Available records:
● ● ●
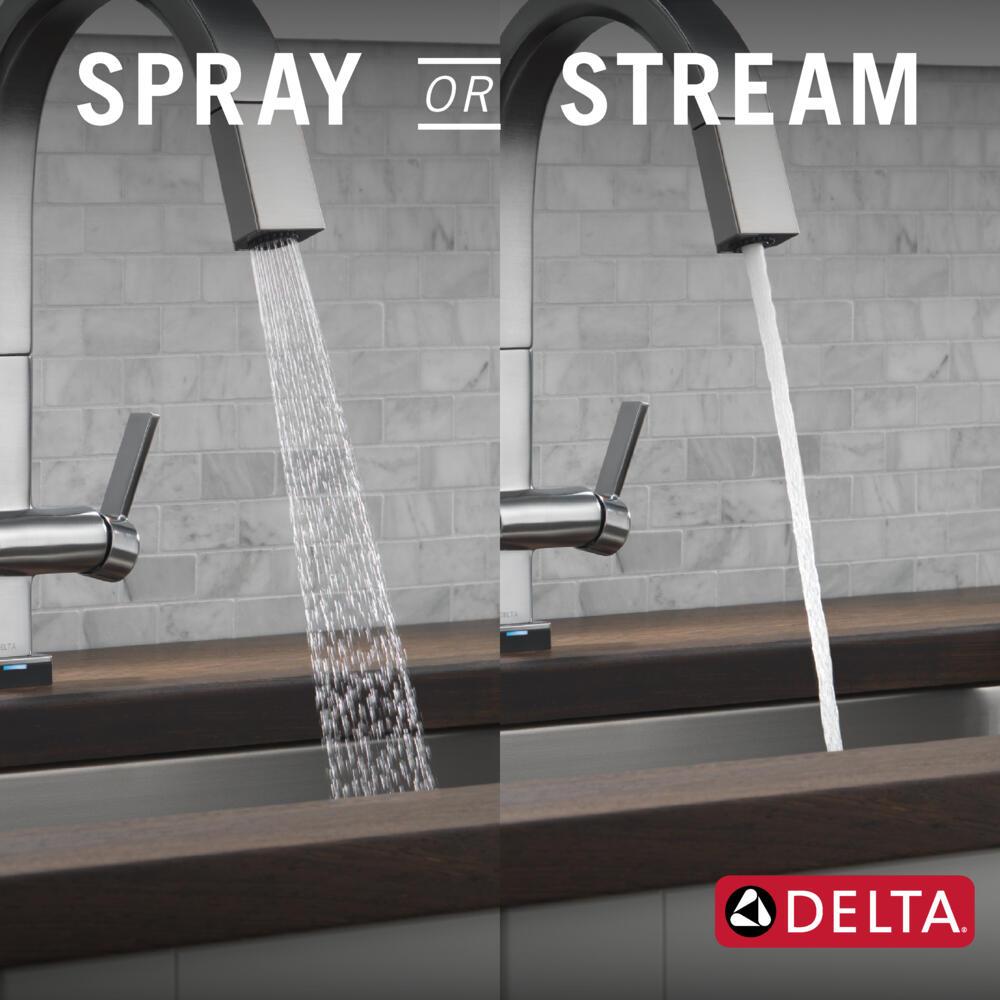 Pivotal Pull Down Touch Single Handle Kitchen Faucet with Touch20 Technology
● ● ●
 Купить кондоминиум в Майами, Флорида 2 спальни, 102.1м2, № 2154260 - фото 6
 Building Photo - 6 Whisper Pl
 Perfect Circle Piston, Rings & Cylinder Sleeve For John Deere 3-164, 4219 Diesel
● ● ●
Aim of the task:
Copy the records above exactly, beginning at the line that contains "Building Photo - 6 Whisper Pl" and stopping after the line that contains "Perfect Circle Piston, Rings".

Task answer:
 Building Photo - 6 Whisper Pl
 Perfect Circle Piston, Rings & Cylinder Sleeve For John Deere 3-164, 4219 Diesel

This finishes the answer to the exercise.